Asked why he is camping at St Pauls, Matthew tells the court that Occupy is now his home.  He comes from a backwater part of world where there are so few jobs that DFS opened a new store, offering 19 jobs – and 2000 people applied.  ‘In that environment’, he says, ‘how can I live?  I cant afford to learn to drive, I couldn’t afford the fuel, I can’t afford the train fares, I can’t afford to go back to education’.  He tells of being rejected from a BT role as a telcomms engineer, without an interview, becuase he didn’t have GCSE Maths, despite running mililtary telecoms in Iraq for four years.  He says that conventional protest has been proved a catastrophic failure.  36 million people worldwide marched against the Iraq war, over 1 million in the UK alone and their voices were simply ignored.  Protest is so contained and restricted that it has no impact. He says ‘The government doesn’t represent me, but Occupy represents me.  Occupy is me’. We are here to represent all the people who are suffering in the world because of this system and arent able to pitch a tent.
The court is adjourned over night, with final submissions and statements to be made the following day.  Judge Lindblom confirms that he will not be in a position to make a decision this week, so the news is – Occupy London will be camping at St Pauls over Christmas!  A decision will not be made before 11thJanuary 2012.
Occupy Christmas
As I write this, final submissions and statements are being made to Judge Lindblom.  All four Occupy London sites are now confirmed safe from eviction for the rest of the year.  The Bank of Ideas goes back to court on 11thJanuary, Occupy Justice on the 3rd, St Pauls no sooner than the 11thand Finsbury Square has no eviction proceedings against it.  As camps across the world have been ripped apart, the UK camps are still going strong.  But this hasn’t stopped the camps innovating by finding alternative spaces to Occupy; empty offices, courts, social clubs and community centres have all been occupied across the UK, but the camps remain as the bridge between them, the villages of hope in our bustling cities.  I hope that the Justice system can be used to protect these sites; I hope we can start taking back our justice system with judges making a stand for the right of people to peacefully assemble to shape their world.  I hope.  Whatever happens – this is merely the beginning.  As the saying goes – you cannot evict an idea whose time has come. Occupy is an idea whose time has come.
Occupy London have a packed calendar for Christmas – for full details please go to the website.  Scriptonite will be having a family Christmas and bring Voices from the Occupation back in a few days.  Wishing you all a wonderful Christmas period with your friends, family and community.  Thank you for reading and commenting through 2011.  Here’s to making 2012, the year we changed the world.
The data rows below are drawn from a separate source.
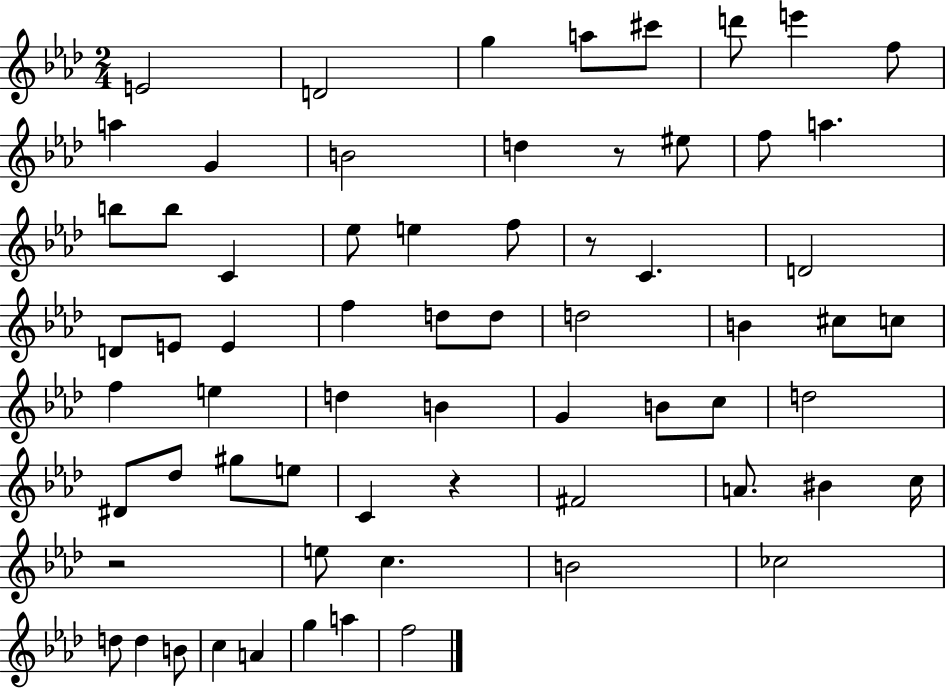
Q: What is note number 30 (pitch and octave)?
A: D5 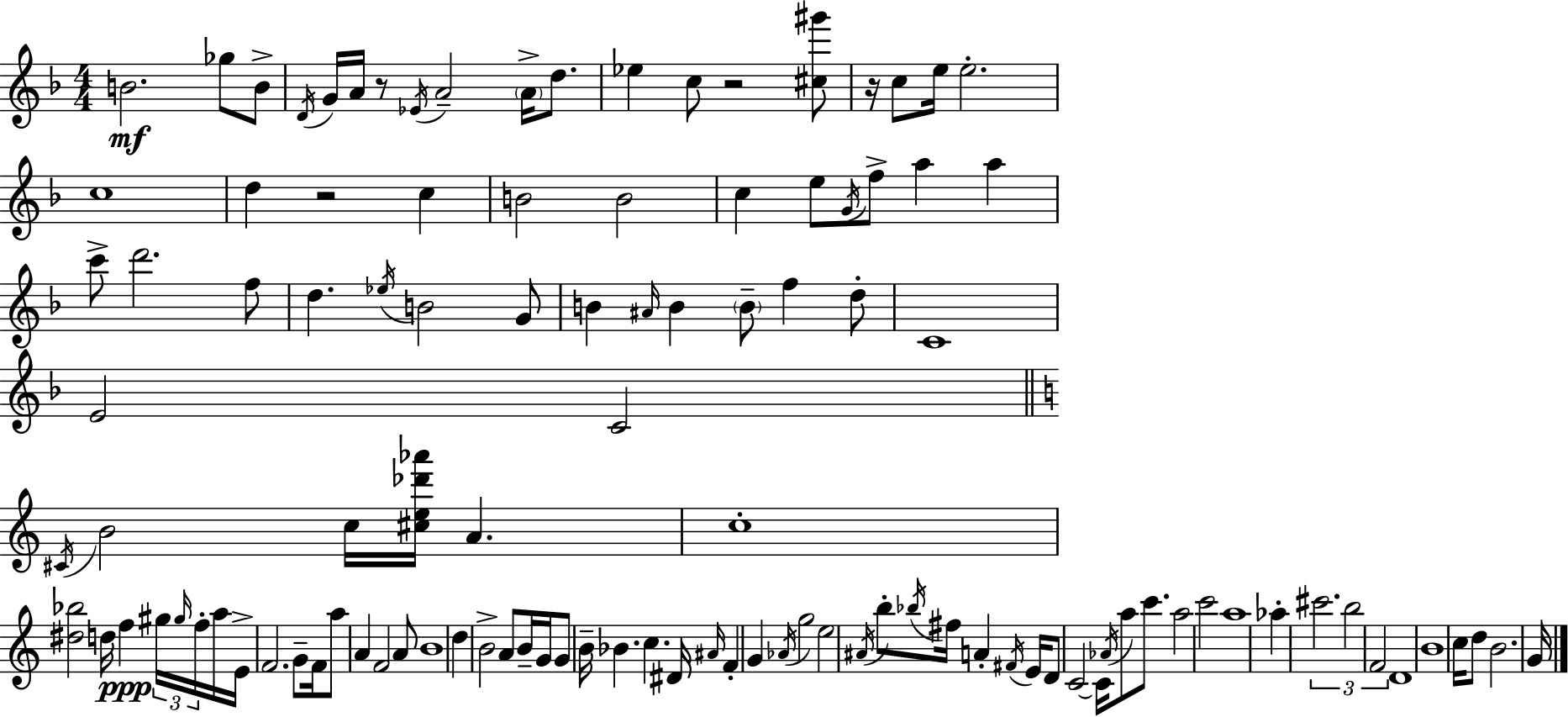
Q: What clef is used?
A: treble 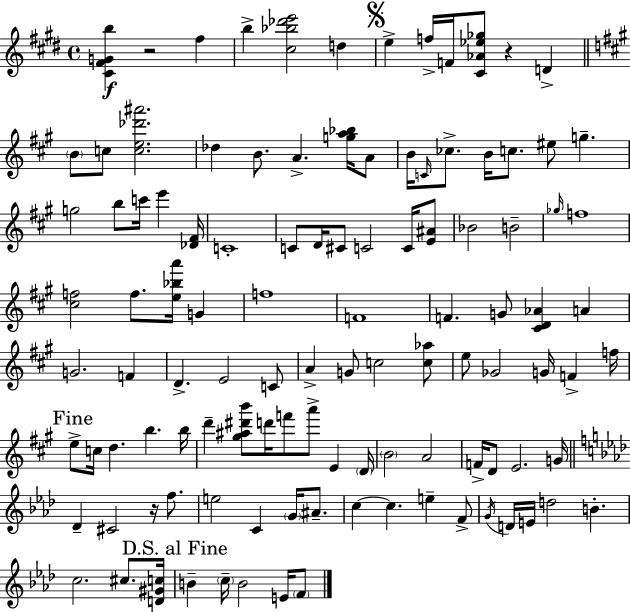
{
  \clef treble
  \time 4/4
  \defaultTimeSignature
  \key e \major
  <cis' fis' g' b''>4\f r2 fis''4 | b''4-> <cis'' bes'' des''' e'''>2 d''4 | \mark \markup { \musicglyph "scripts.segno" } e''4-> f''16-> f'16 <cis' aes' ees'' ges''>8 r4 d'4-> | \bar "||" \break \key a \major \parenthesize b'8 c''8 <c'' e'' des''' ais'''>2. | des''4 b'8. a'4.-> <g'' a'' bes''>16 a'8 | b'16 \grace { c'16 } ces''8.-> b'16 c''8. eis''8 g''4.-- | g''2 b''8 c'''16 e'''4 | \break <des' fis'>16 c'1-. | c'8 d'16 cis'8 c'2 c'16 <e' ais'>8 | bes'2 b'2-- | \grace { ges''16 } f''1 | \break <cis'' f''>2 f''8. <e'' bes'' a'''>16 g'4 | f''1 | f'1 | f'4. g'8 <cis' d' aes'>4 a'4 | \break g'2. f'4 | d'4.-> e'2 | c'8 a'4-> g'8 c''2 | <c'' aes''>8 e''8 ges'2 g'16 f'4-> | \break f''16 \mark "Fine" e''8-> c''16 d''4. b''4. | b''16 d'''4-- <gis'' ais'' dis''' b'''>8 d'''16 f'''8 a'''8-> e'4 | \parenthesize d'16 \parenthesize b'2 a'2 | f'16-> d'8 e'2. | \break g'16 \bar "||" \break \key aes \major des'4-- cis'2 r16 f''8. | e''2 c'4 \parenthesize g'16 ais'8.-- | c''4~~ c''4. e''4-- f'8-> | \acciaccatura { g'16 } d'16 e'16 d''2 b'4.-. | \break c''2. cis''8. | <d' gis' c''>16 \mark "D.S. al Fine" b'4-- \parenthesize c''16-- b'2 e'16 \parenthesize f'8 | \bar "|."
} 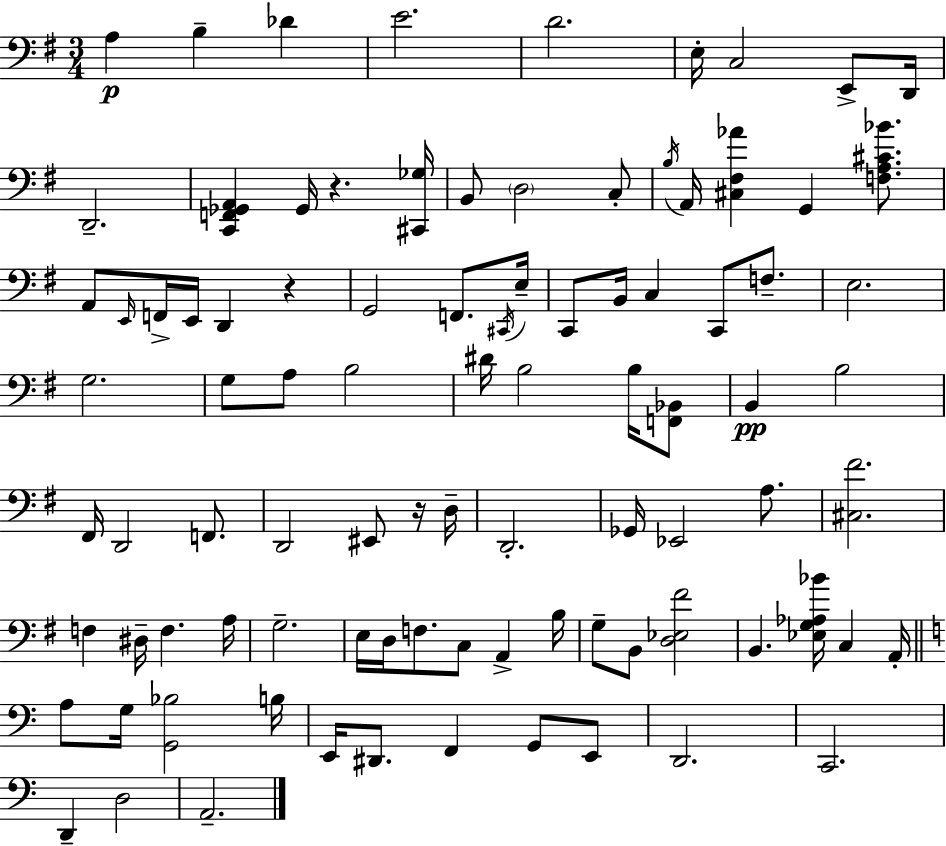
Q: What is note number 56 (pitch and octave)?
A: G3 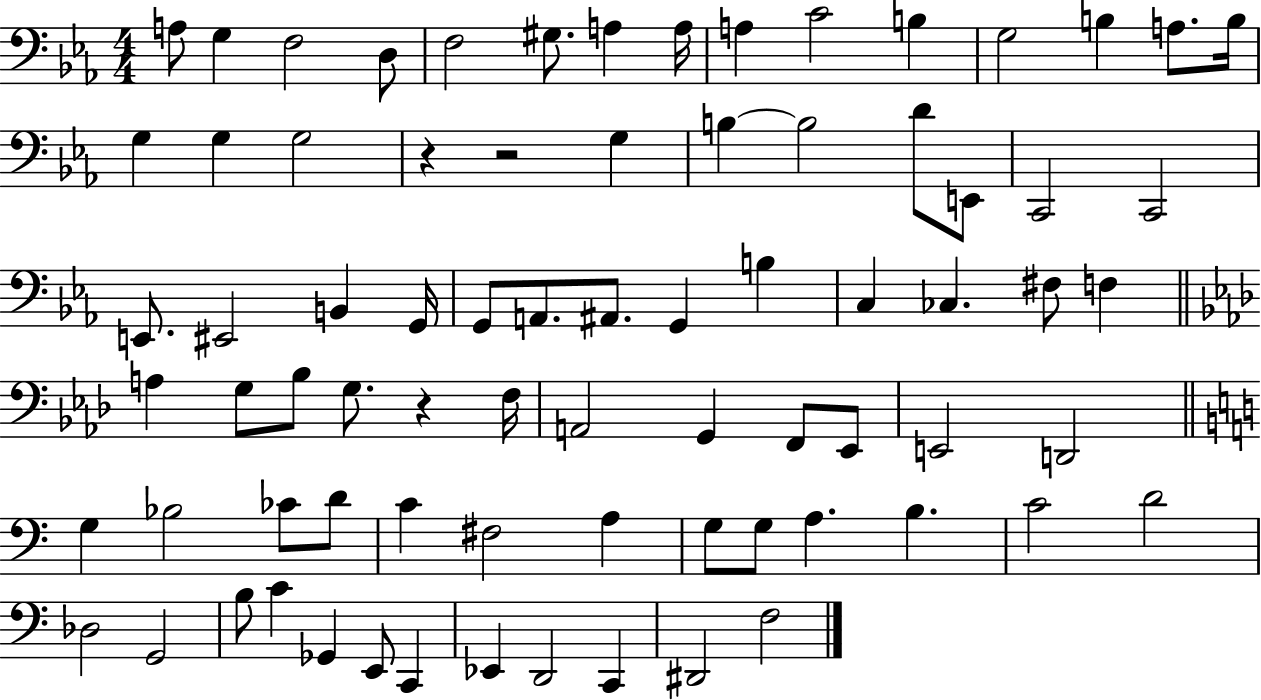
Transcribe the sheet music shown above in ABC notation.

X:1
T:Untitled
M:4/4
L:1/4
K:Eb
A,/2 G, F,2 D,/2 F,2 ^G,/2 A, A,/4 A, C2 B, G,2 B, A,/2 B,/4 G, G, G,2 z z2 G, B, B,2 D/2 E,,/2 C,,2 C,,2 E,,/2 ^E,,2 B,, G,,/4 G,,/2 A,,/2 ^A,,/2 G,, B, C, _C, ^F,/2 F, A, G,/2 _B,/2 G,/2 z F,/4 A,,2 G,, F,,/2 _E,,/2 E,,2 D,,2 G, _B,2 _C/2 D/2 C ^F,2 A, G,/2 G,/2 A, B, C2 D2 _D,2 G,,2 B,/2 C _G,, E,,/2 C,, _E,, D,,2 C,, ^D,,2 F,2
2 thoughts on “Voices from the Occupation: Occupy Justice – One Day, Two Courts

  1. There is a tide in the affairs of men.Which, taken at the flood, leads on to fortune;Omitted, all the voyage of their lifeIs bound in shallows and in miseries.On such a full sea are we now afloat,And we must take the current when it serves,Or lose our ventures.Shakespeare Julius Caesar

  2. Stirring and cheering. Fully agree. Best wishes from a 69-year-old having a christmas holiday in the country with family and friends. See you at St Paul's in January. Good to hear about the 13th century moots.